Railroads in Delaware County

In 1848 the first railroad, the NY & Erie, entered Delaware County setting in motion significant changes in this mountainous rural area. The first train ran through Sullivan County, into Delaware County via Long Eddy and passed through Deposit on its way to Binghamton. In 1873 railroads reached deeper into Delaware County with the completion of the New York, Ontario & Western (O & W), affectionately called the Old and Weary in later years. The O&W ran through East Branch, Walton and Sidney, and included a side branch from Walton to Delhi. In the 1870s the Ulster & Delaware (U & D) railroad, nicknamed the Up & Down because of the rough terrain it traveled, connected the eastern side of the county running from Kingston through Ulster County to Fleischmanns, Arkville, Roxbury, Grand Gorge and Stamford. By 1900 the line had extended through Hobart, Bloomville, East Meredith and Davenport ending in Oneonta. The Delaware & Eastern, later called the Delaware & Northern (D & N), one of the last lines to be built in Delaware County in the early 1900s, connected the O & W in East Branch to the U & D in Arkville with a spur to Andes from Union Grove Andes Junction.
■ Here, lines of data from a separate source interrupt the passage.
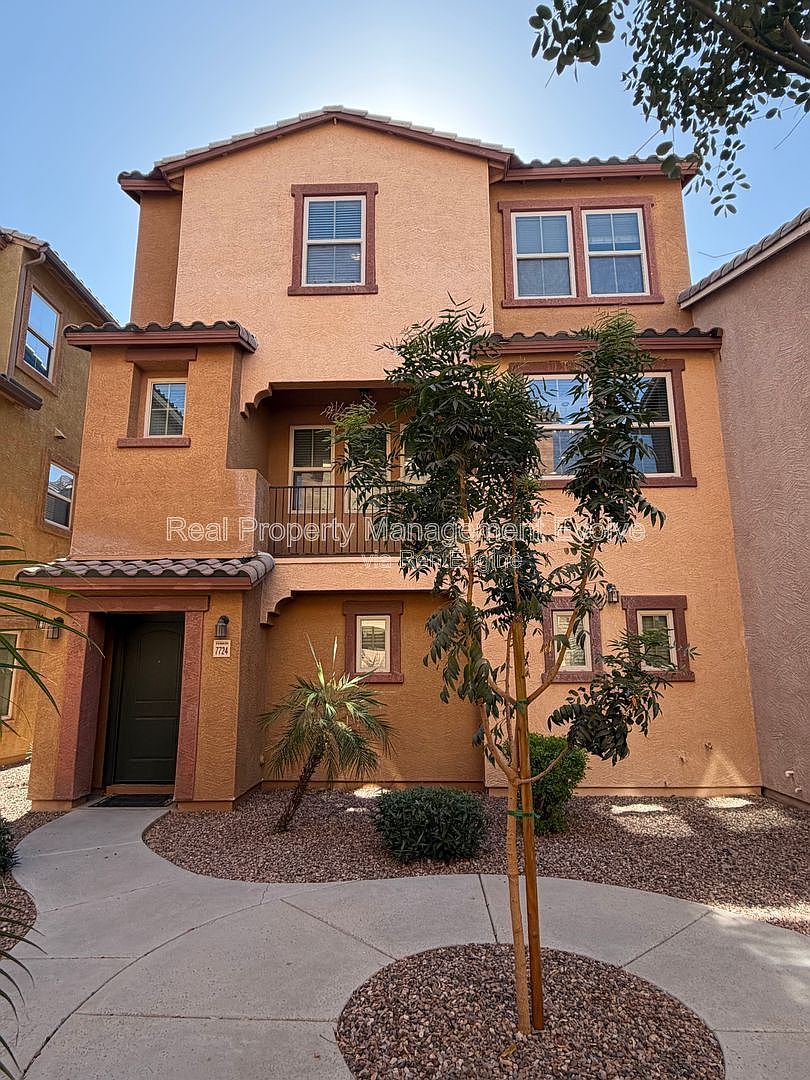 7724 W Pipestone Pl Phoenix, AZ 85035 photo 2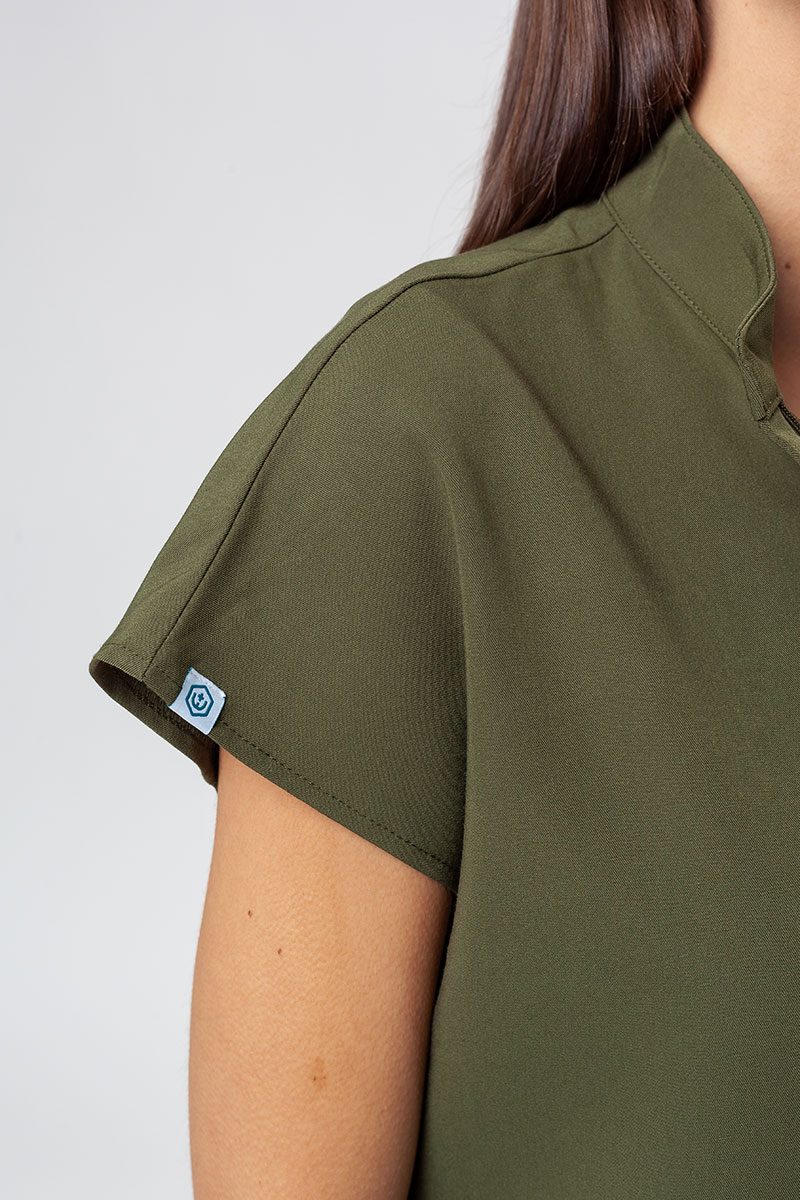 Dámska lekárska blúza Uniforms World 518GTK™ Avant olivková (magnetické klipsy)-3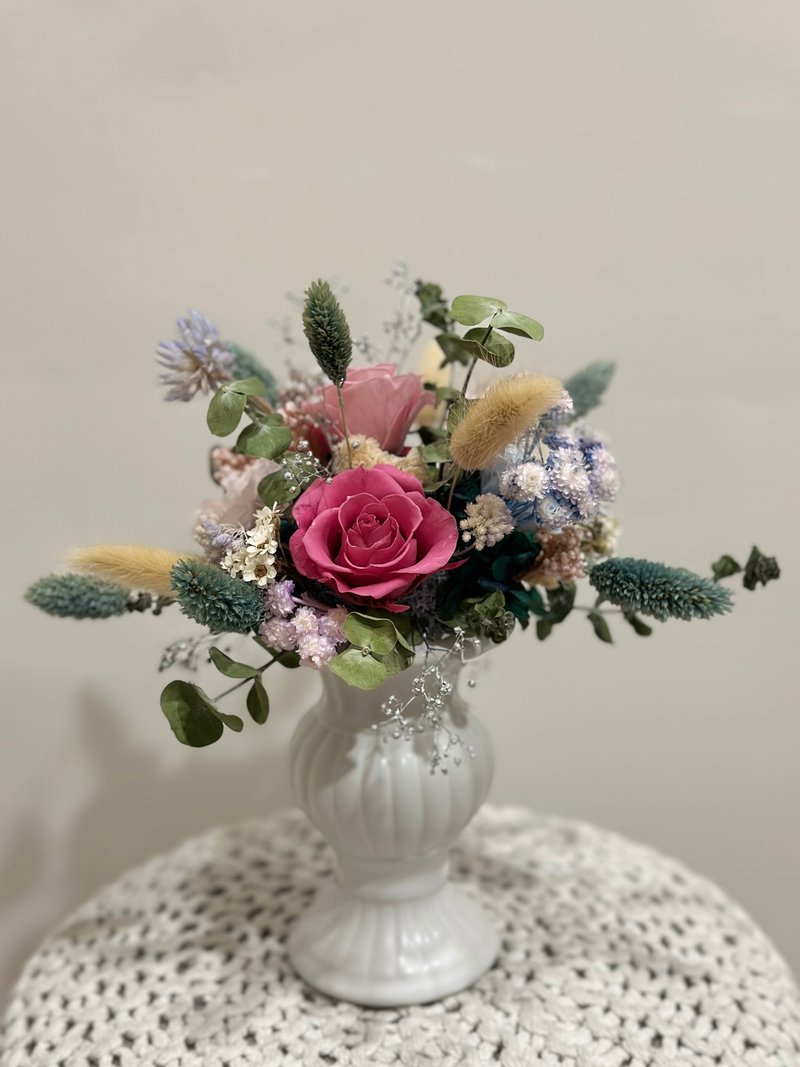 Retro everlasting flower table flowers Morandi beautiful flowers - ช่อดอกไม้แห้ง - พืช/ดอกไม้ สีแดง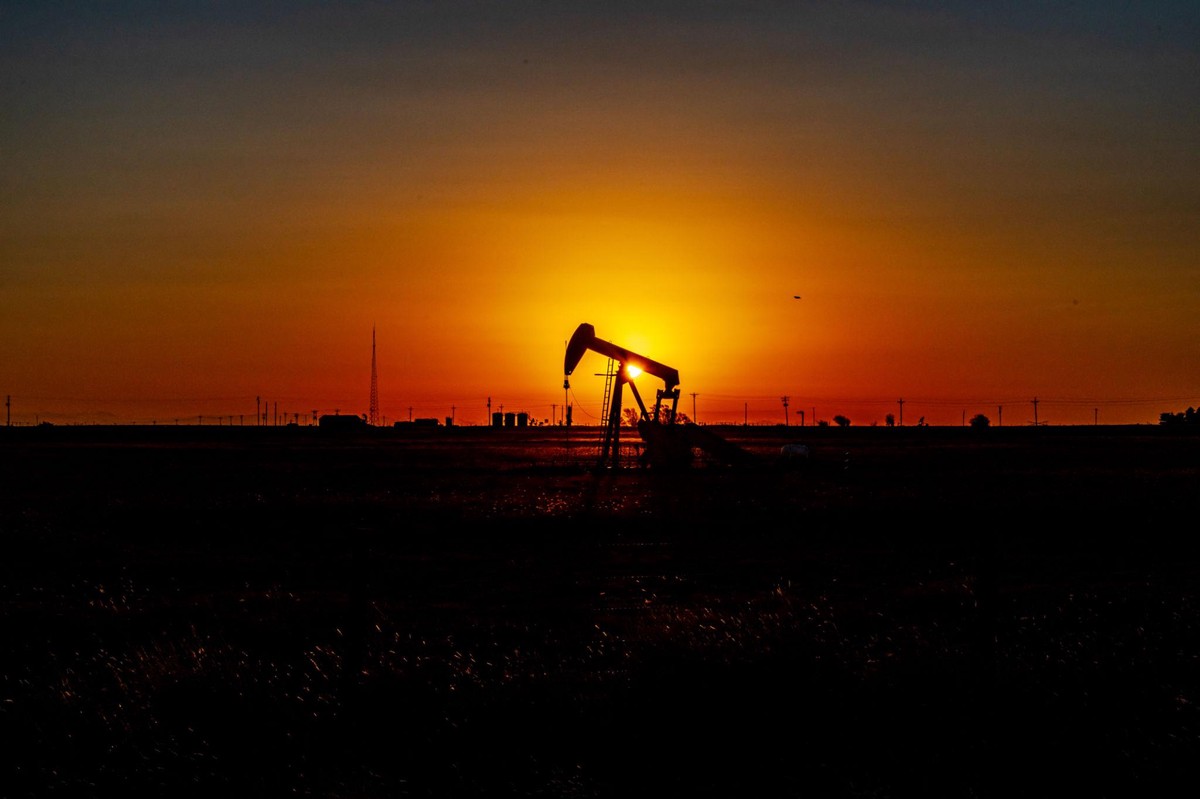 強勢就業壓降息預期 金油雙殺美股重挫 強勢就業壓降息預期 金油雙殺美股重挫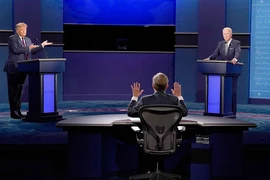 Tranh luận Trump - Biden: Lợi thế bước đầu của ông Trump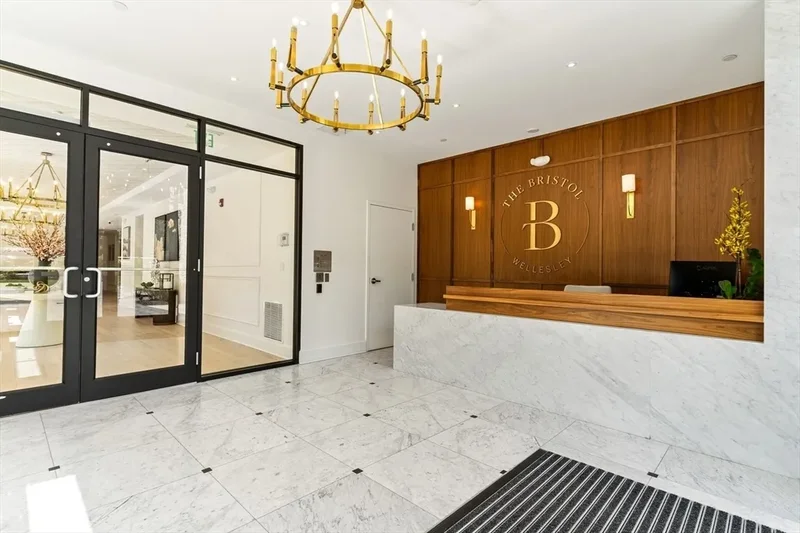 148 Weston Rd, #207, Wellesley, MA, 02482, USA, Wellesley, Massachusetts, United States. - Photo 8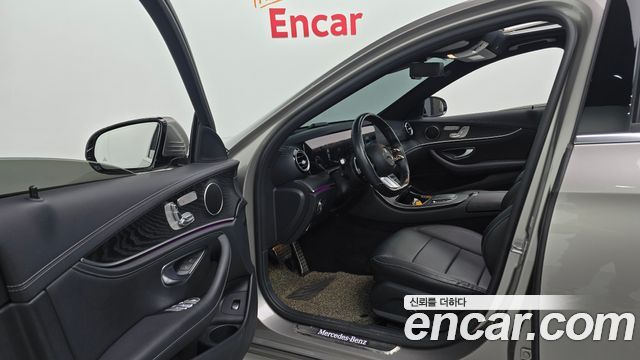 Mercedes-Benz E-Class E220d 4MATIC AMG Line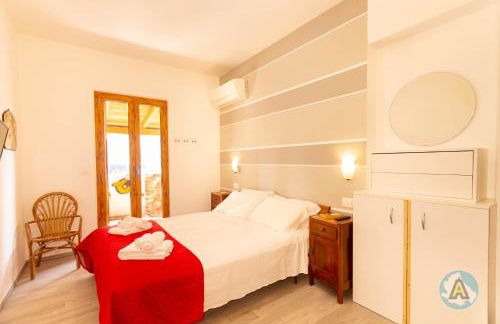 Piano terra sul lungomare con parcheggio - Foto 14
The railroad brought new opportunities to Delaware County, both for import and export. Manufactured goods became more economical and readily available. “The whole dairy industry of the eastern part of the county has been put upon a new and improved basis. The supplies of lumber, feed and flour which are required by the farmers and others are brought to them at a much less cost and at a more convenient distance.” (Murray 1898:119).

At the same time local products could be shipped out with more ease and efficiency than ever before. “Many farm products, which under former circumstances were not worth sending to market, now became valuable and merchantable. This was the first step towards bringing Delaware County out into the world” (Murray 1898:116). Locally produced wood products, lumber, blue stone and dairy products were exported. “Famous for its butter, Delaware County became equally important as a source of milk. Special trains, cleared for rapid runs, carried fresh milk into New York City” (Roads & Rails Through Delaware County).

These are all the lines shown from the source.